Nature | 10 min read

A master of molecular dynamics

Theoretical physicist Berni Alder pioneered the computer modelling of matter — but himself preferred intuitive understanding over mathematical derivations, writes his former colleague David Ceperley. “He was never the programmer, but the impresario of younger colleagues, pushing them to work on difficult problems through his curiosity and intense interest,” writes Ceperley. Alder died last month, aged 95.

Nature | 5 min read

How to declaw COVID misinformation

Countering the “misinformation infodemic” surrounding COVID-19 is key to stopping the virus’s rampant progress through the United States, write molecular biologist Ali Nouri and political scientist Amir Bagherpour of the Federation of American Scientists. They offer recommendations including a coordinated campaign of social-media influencers and more spontaneous two-way chat between public-health officials and the people they need to reach.
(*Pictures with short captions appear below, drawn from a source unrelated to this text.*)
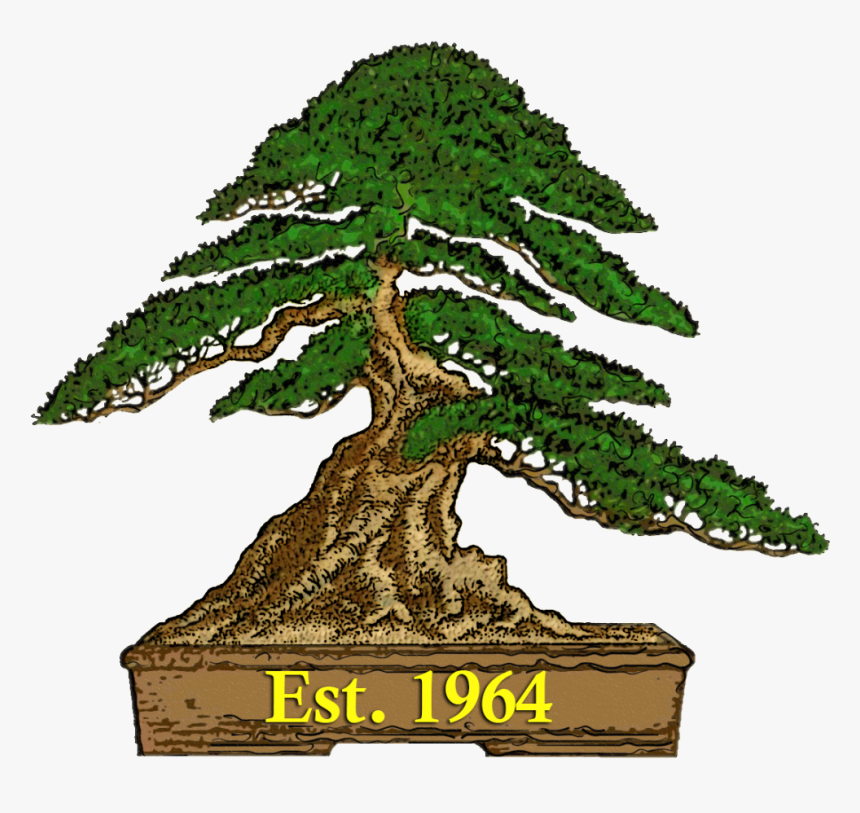 Logo bonsai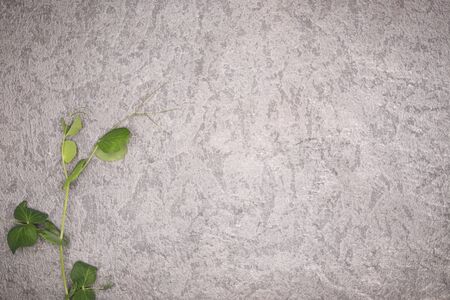 Sweet pea plant leaves on rustic background. Healthy eating concept. Top view.の写真素材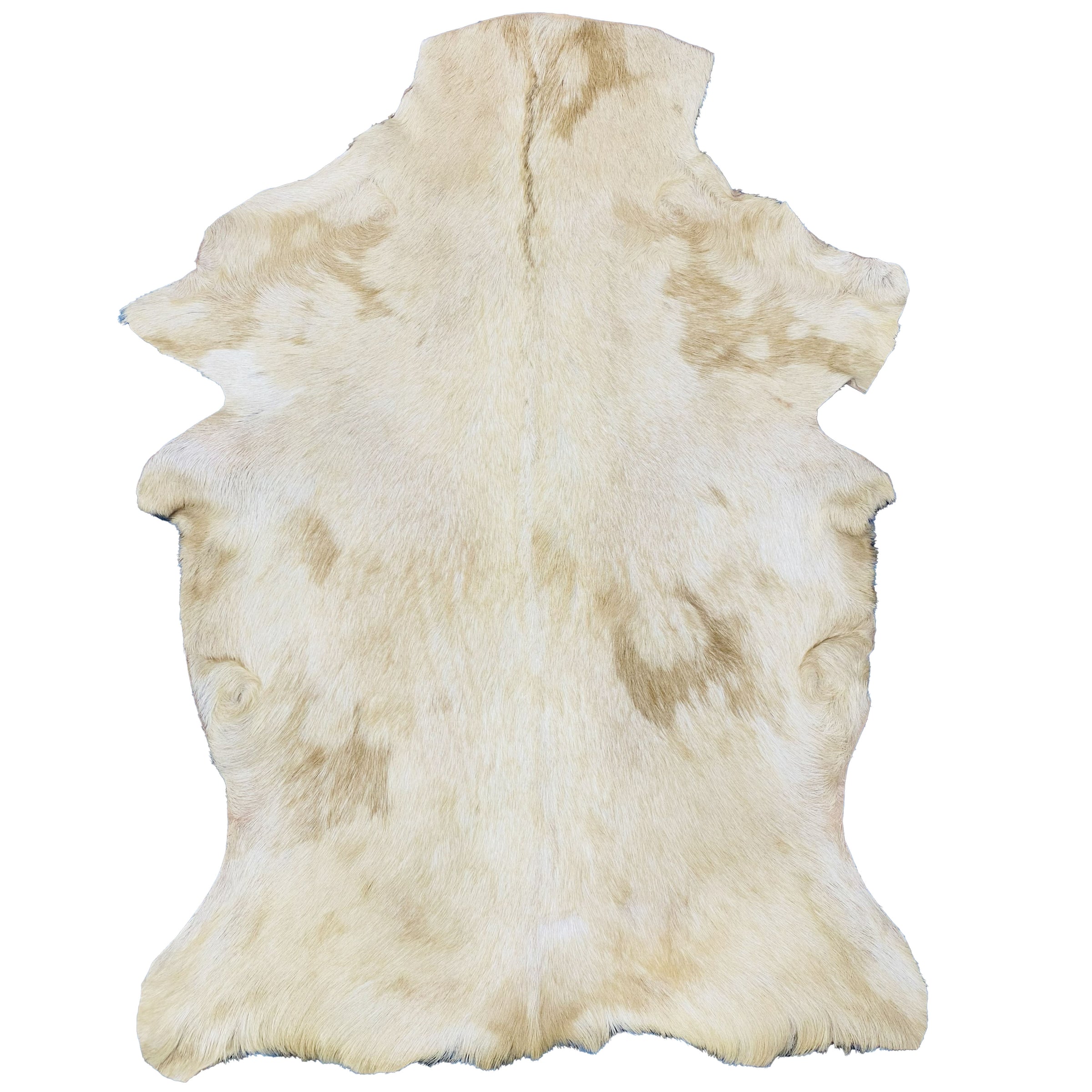 Goatskin Rug GR-106 43x31 INCH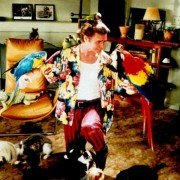 Ace Ventura: Pet Detective - galeria zdjęć - filmweb
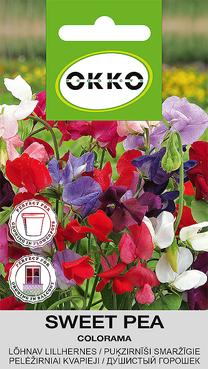 Sėklos Okko pelėžirnis Colorama, 2 g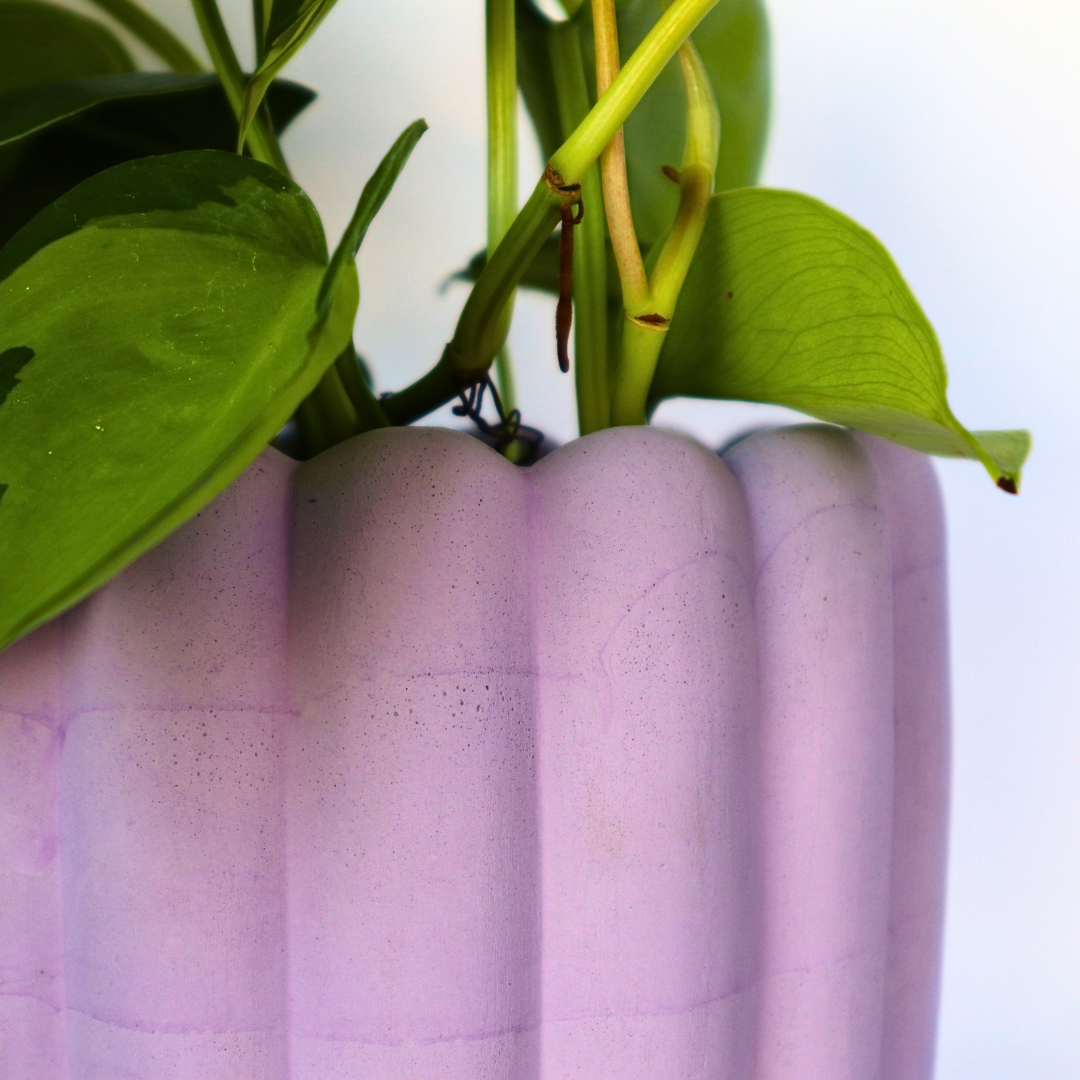 The Plant Supply - Wholesale Plant Pot - Scallop Planter - 4.5" | Concrete Plant Pot2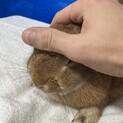ネザーランドドワーフ♀1才 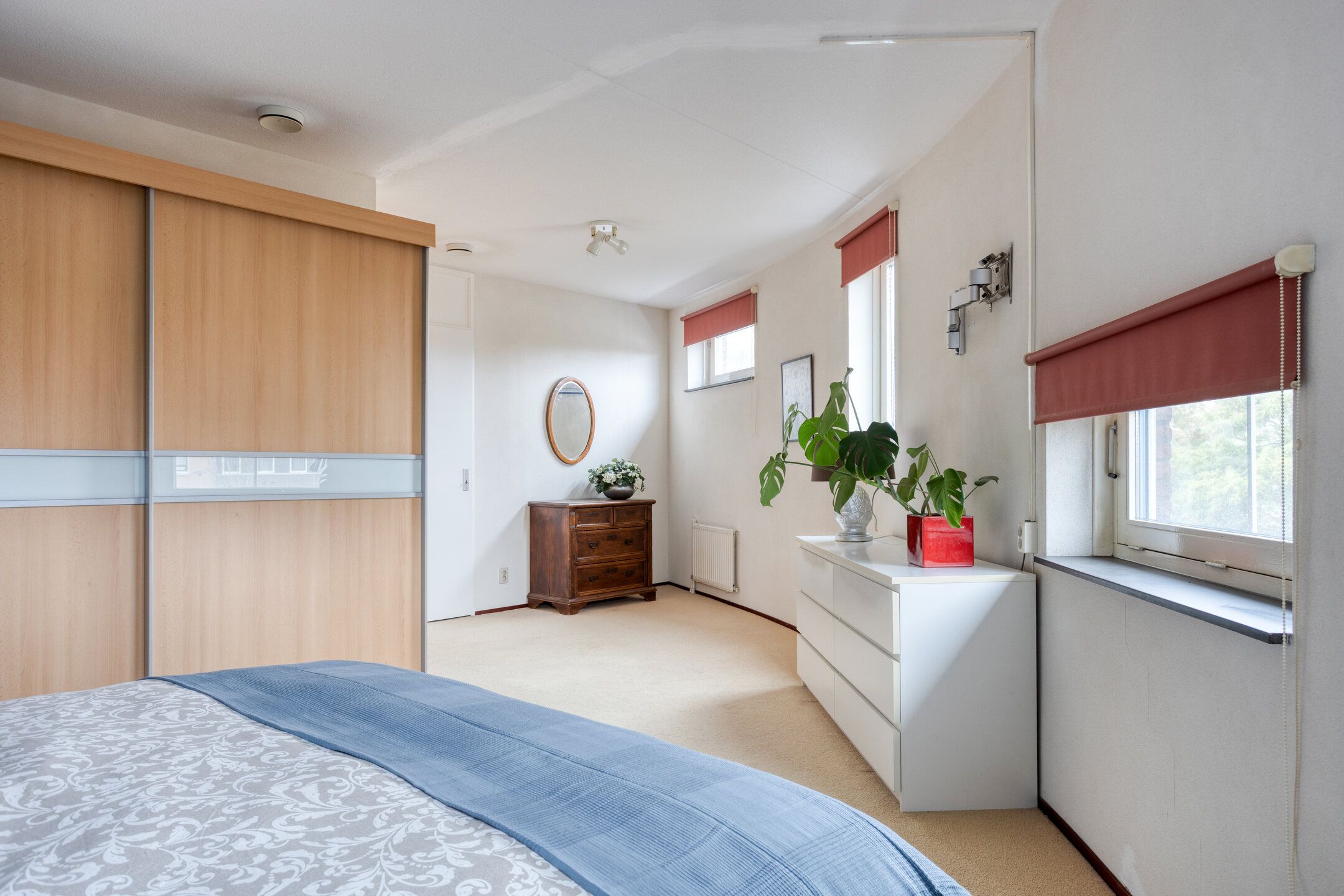 Foto 15 van Hopklaver 40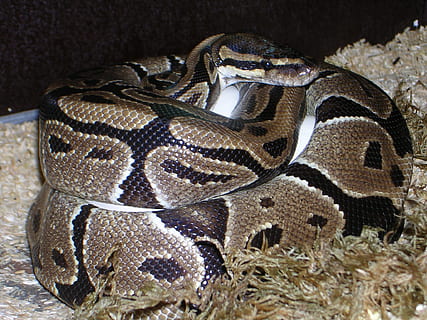 ball python, python regius, snake, reptile, constrictor, egg HD wallpaper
Scientific American | 5 min read

The story of the longest fossilized journey

A prehistoric woman walked as fast as she could, carrying a child, in a bold straight line across muddy ground. A few hours later, she returned the same way, alone. This is the mysterious tale told by the longest track of fossil footprints in the world, which stretches over 1.5 kilometres in the dried-up lake bed of White Sands National Park in New Mexico. The path also shows marks from a giant ground sloth, which reared up when startled by the humans, and a mammoth that crossed the trail. We have no way of knowing the full story behind the remarkable journey, write geographer Matthew Bennett and palaeontologist Sally Reynolds, who analysed the footprints. But the image will resonate with anyone who’s made a hurried journey with a child in their arms.